In an interview at last week's Game Developers Conference in San Francisco, the developers behind indie sensations Slay the Spire and Darkest Dungeon said that the deal some small developers have come to rely on for funding in recent years—like Epic Game Store exclusives and
Xbox Game Pass—are no longer what they once were.
"I talked to at least five small teams, like 35 [members] and under, during GDC, and they're like: Cuts, cuts, cuts, funding canceled, talks that were going on for a year, canceled," said Casey Yano, the co-founder of Slay the Spire studio Mega Crit. "It sounds like it's shit. We're definitely very privileged to be able to self-fund. [Otherwise] I'd be very, very, very scared right now."
Slay the Spire launched to slow sales in Steam early access before eventually becoming a deckbuilding juggernaut. Darkest Dungeon was likewise a Steam early access success; both games are available on PC Game Pass, though DD director Chris Bourassa said that Microsoft's deals for getting games on Game Pass have "come down in scope" since the subscription service began.
"Way down," Yano added.
"So has Epic," Bourassa said. "The Gold Rush is over.

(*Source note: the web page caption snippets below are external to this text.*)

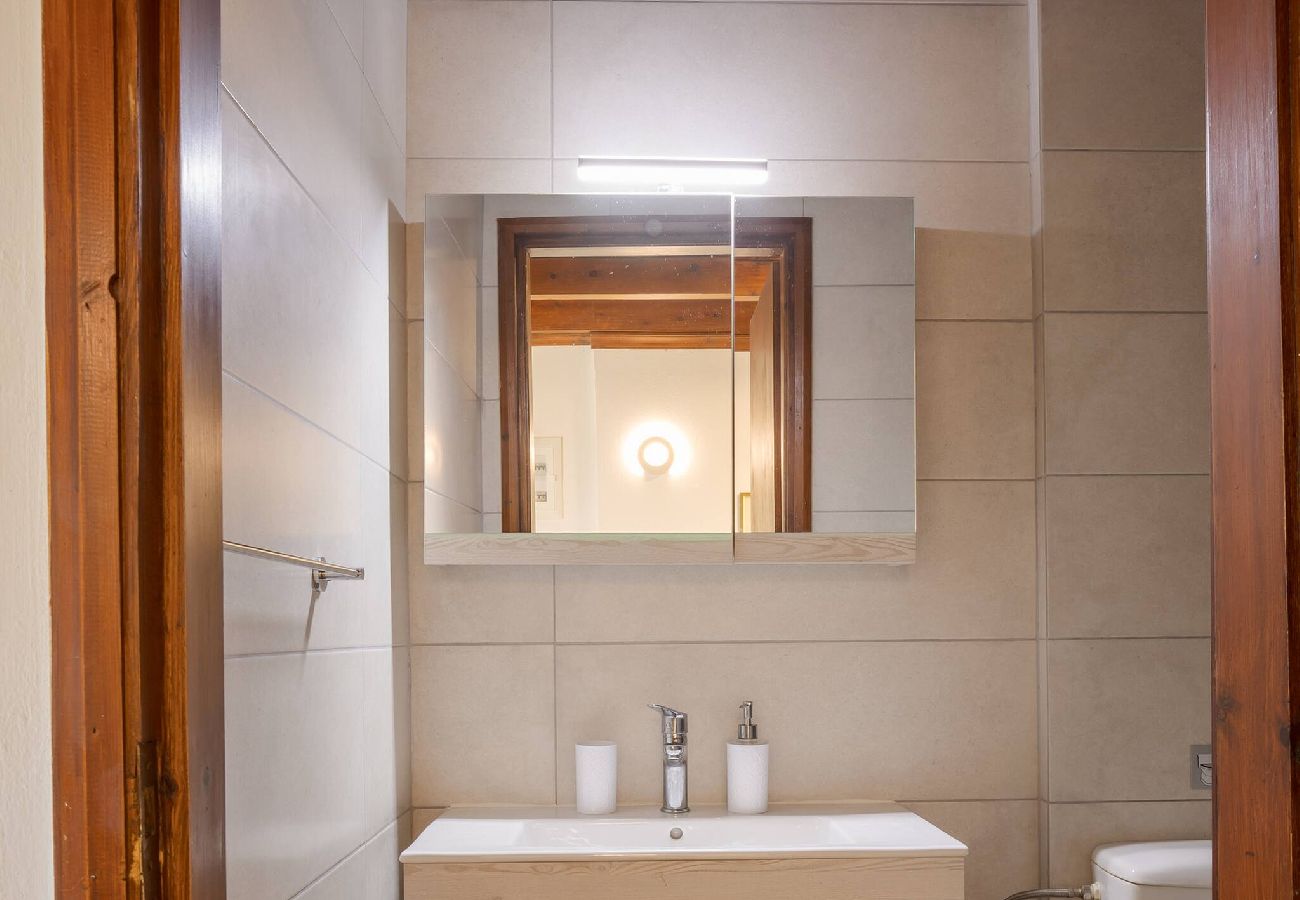 Apartment in Platanias - Apartment suite on private tranquil retreat-Unit 4 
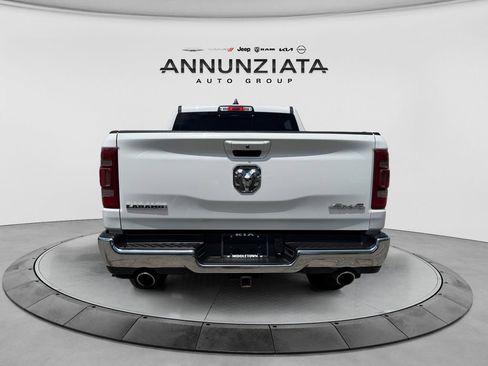 Used 2021 RAM 1500 Laramie AWD/4WD image 4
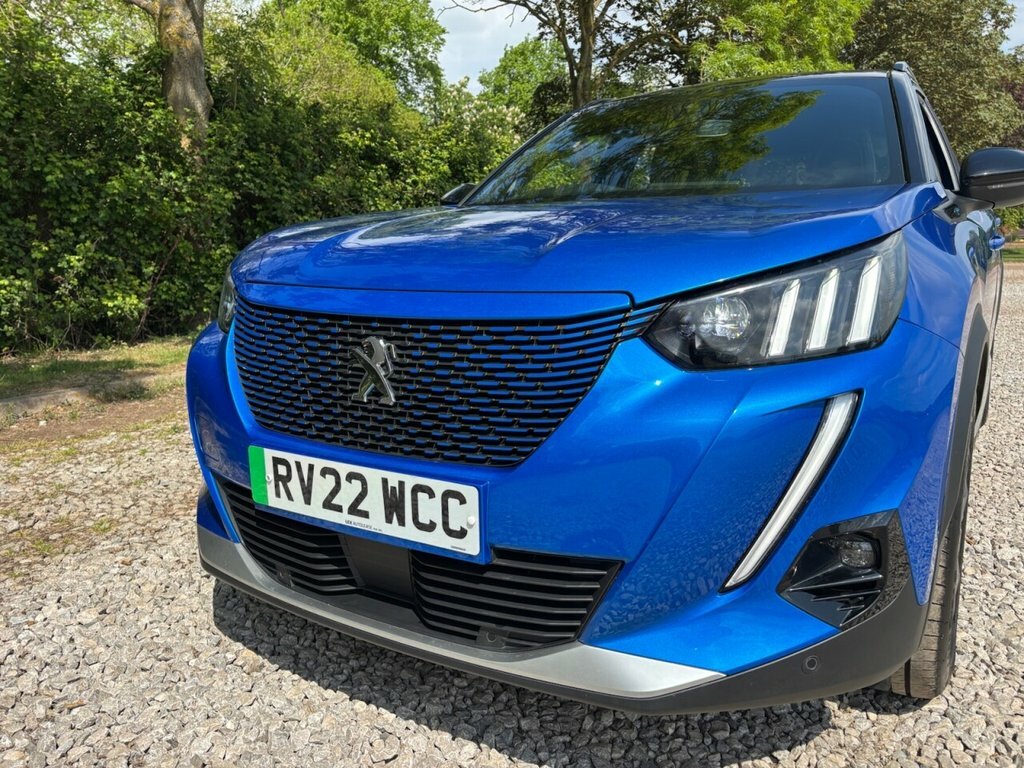 Peugeot e-2008 1.2 Puretech 130 Gt Eat8 Grey #41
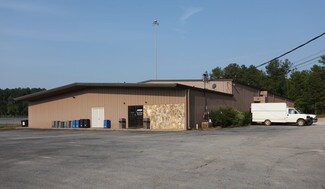 Plus de détails pour 8185 Old City Pond Rd, Covington, GA - Industriel/Logistique à vendre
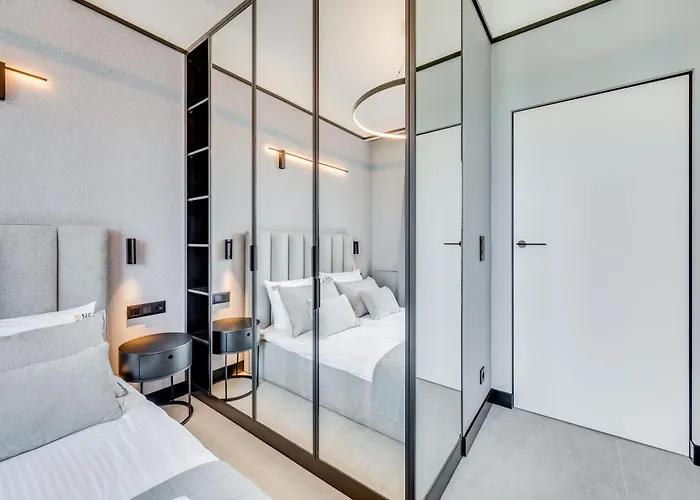 Apartman Sunset By Oneapartments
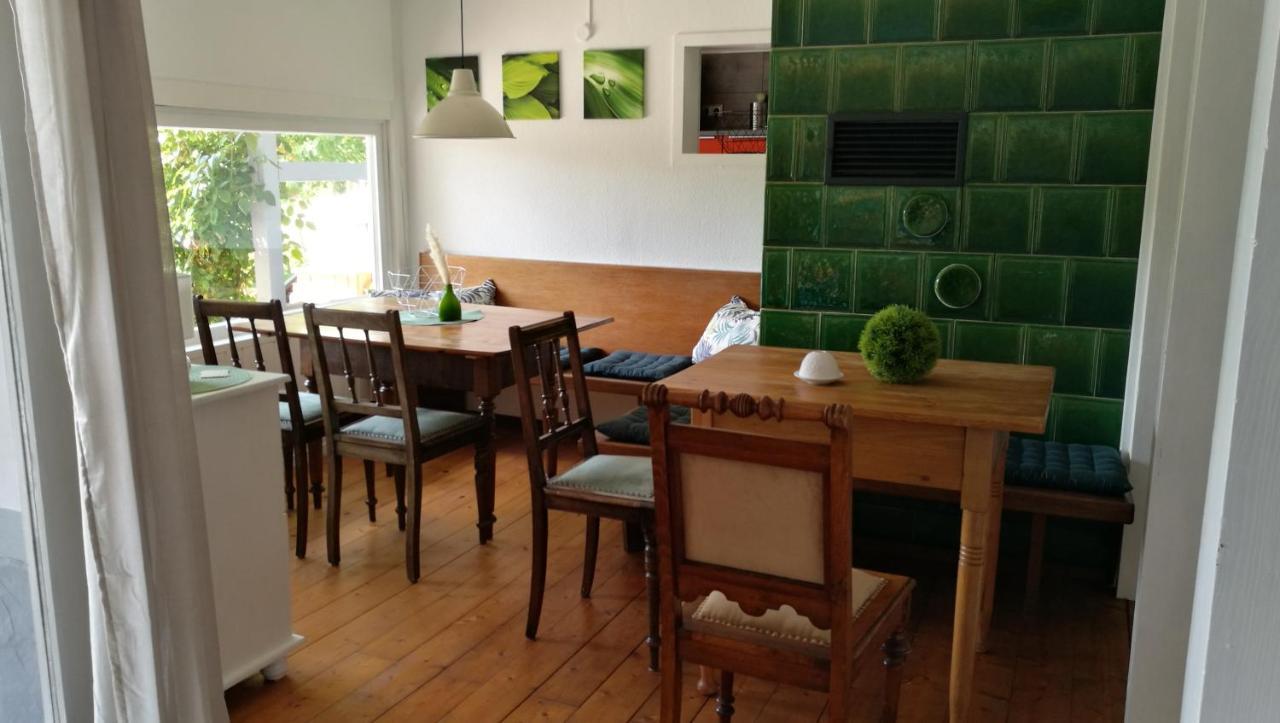 Ferienhaus Glucksmoment Grasellenbach Buitenkant foto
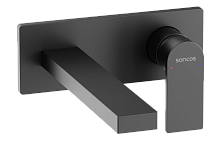 Sancos Studio SC9017MB Смеситель для раковины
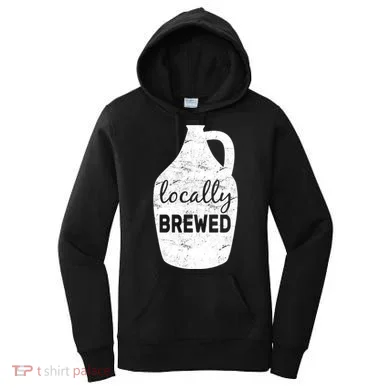 Locally Brewed Women's Hoodie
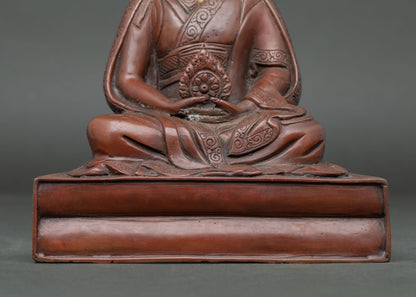 Gampopa Statue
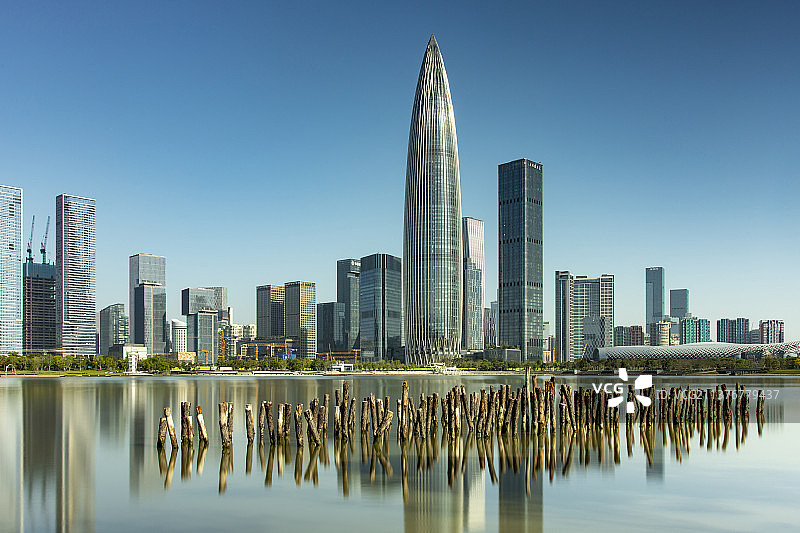 深圳人才公园图片素材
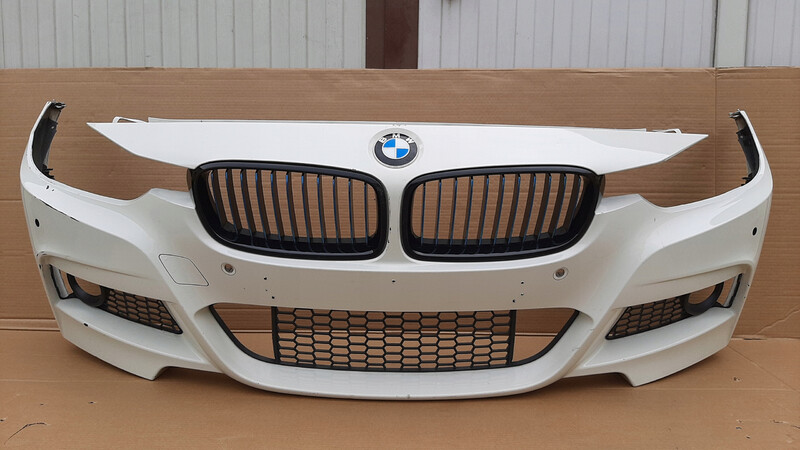 Бампер передний 51118055821   BMW 3 Series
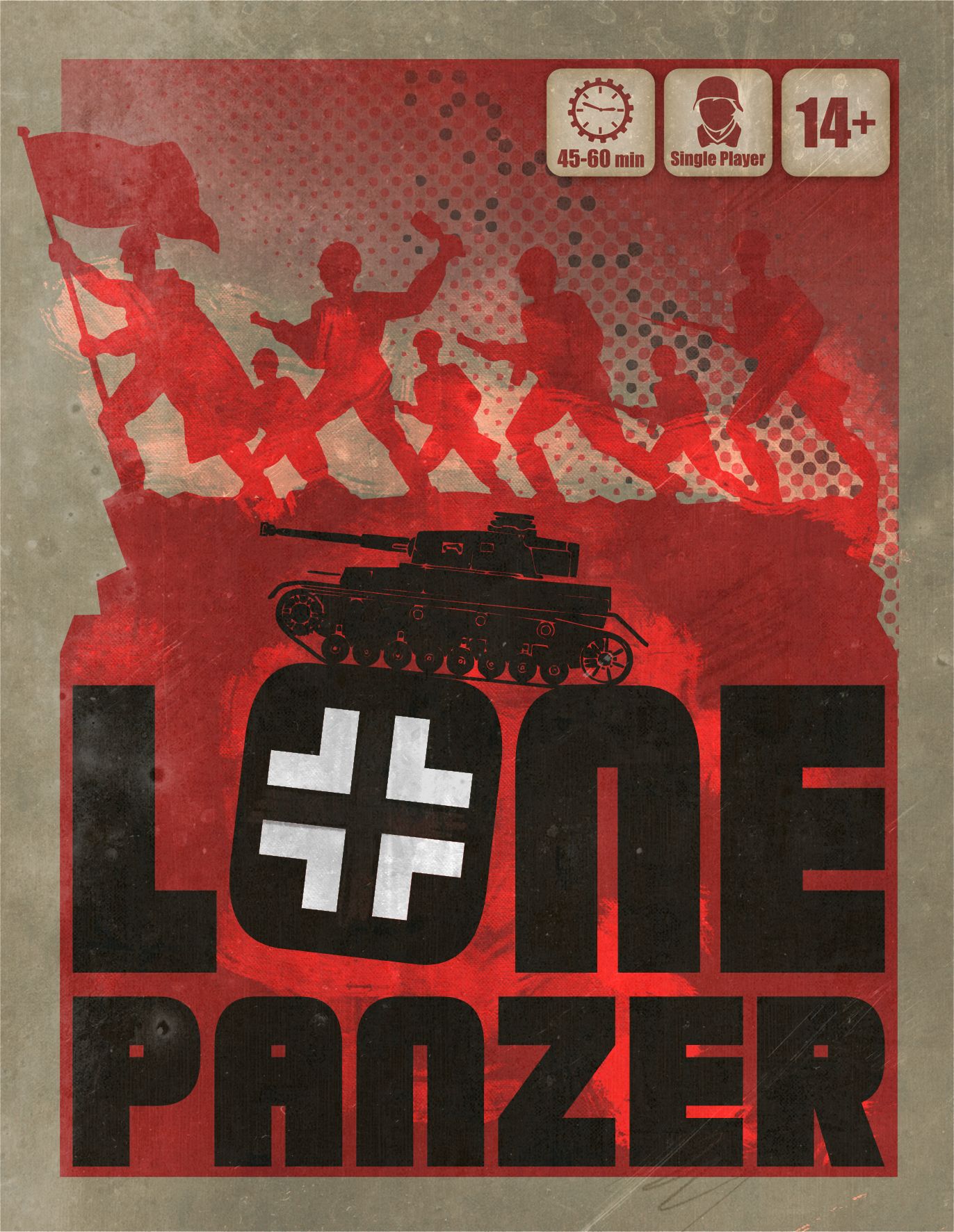 Lone Panzer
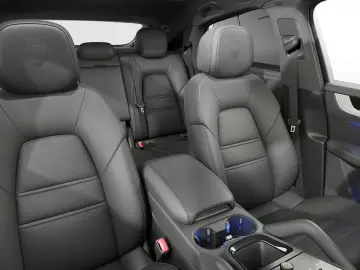 PORSCHE Cayenne Coupe S E-Hybrid   Hinterachslenkung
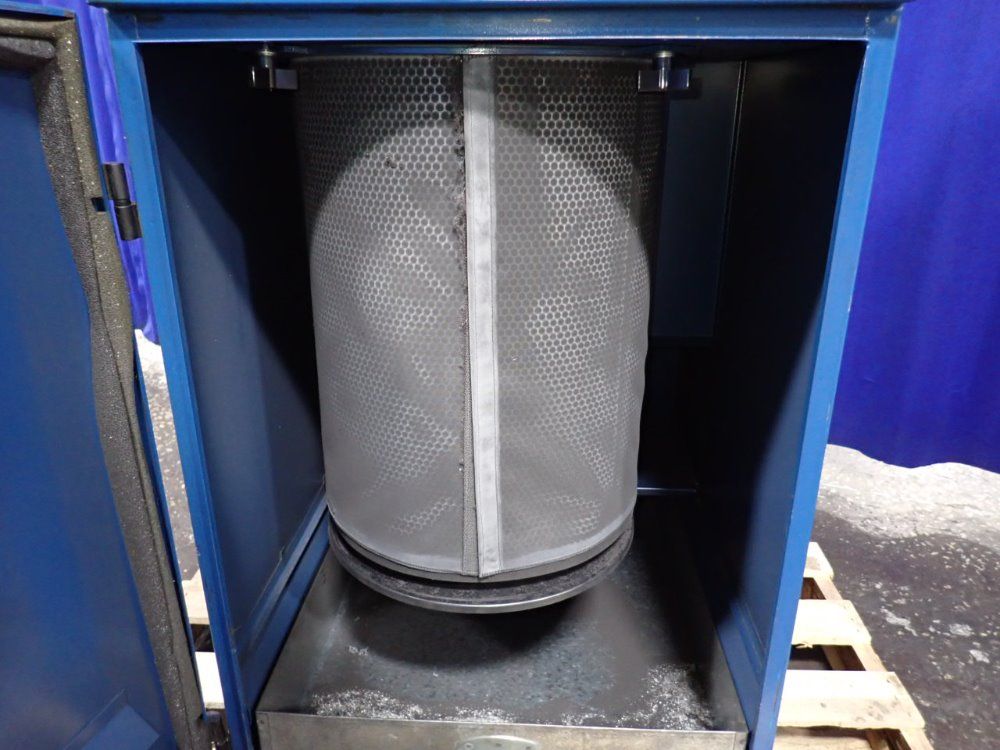 Torit Donaldson 3 Hp Vs-1200 Dust Collector - Vs-1200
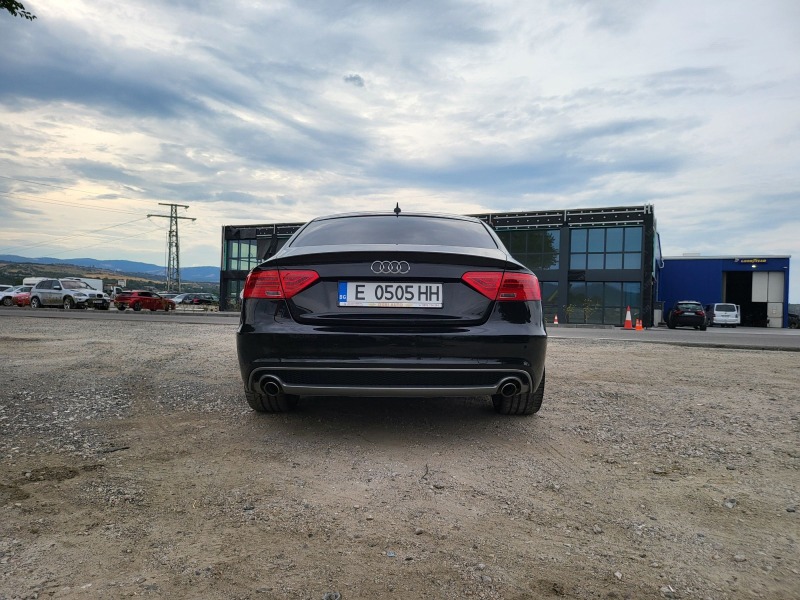 Audi A5 S-line , снимка 6 - Автомобили и джипове - 46706839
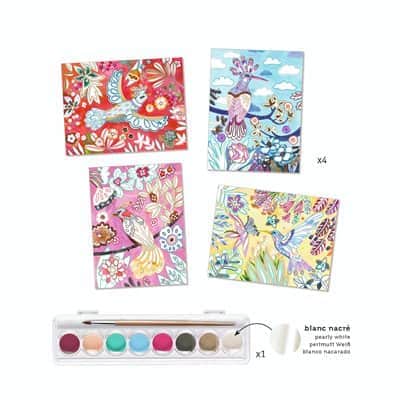 צבעי מים מלודיה |Djeco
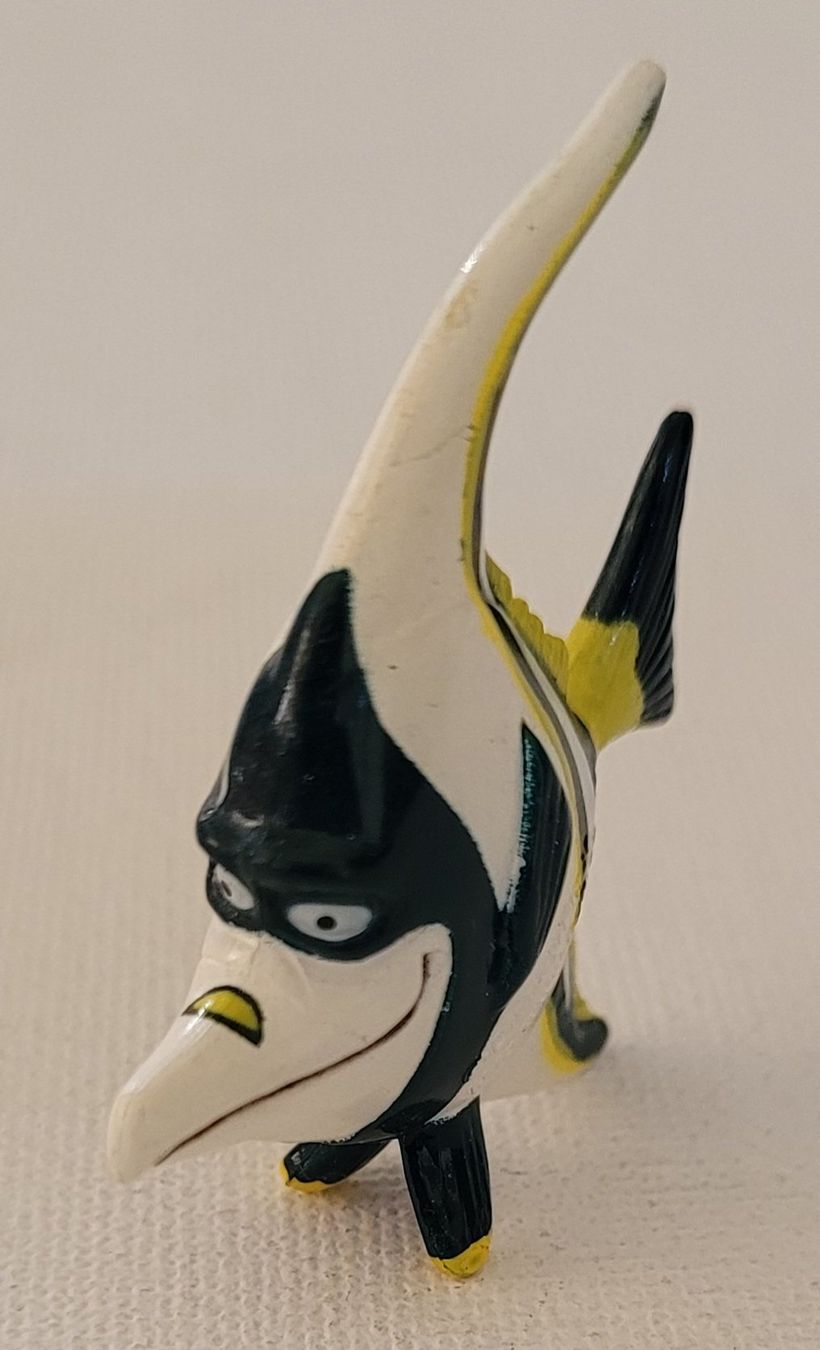 Figuren: FINDING NEMO - GILL – Gebraucht aus Neftenbach von Mador6 4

I come from the Northwest Territories. The town I'm from was built on gold, and then they found diamonds further north. Maybe another paradigm shift is waiting for us, but I definitely think the scale of the deals I'm hearing about is significantly dimishese from the big swinging days. Certainly we got our Epic [deal] at the right time."
Darkest Dungeon developer Red Hook Studios made the somewhat controversial choice to launch the sequel in early access as an Epic exclusive. While those exclusives haven't been popular with players, they've allowed some indie developers to "break even" on their games even before release, a safety net that's hard to pass up when a game's success can make or break a small studio.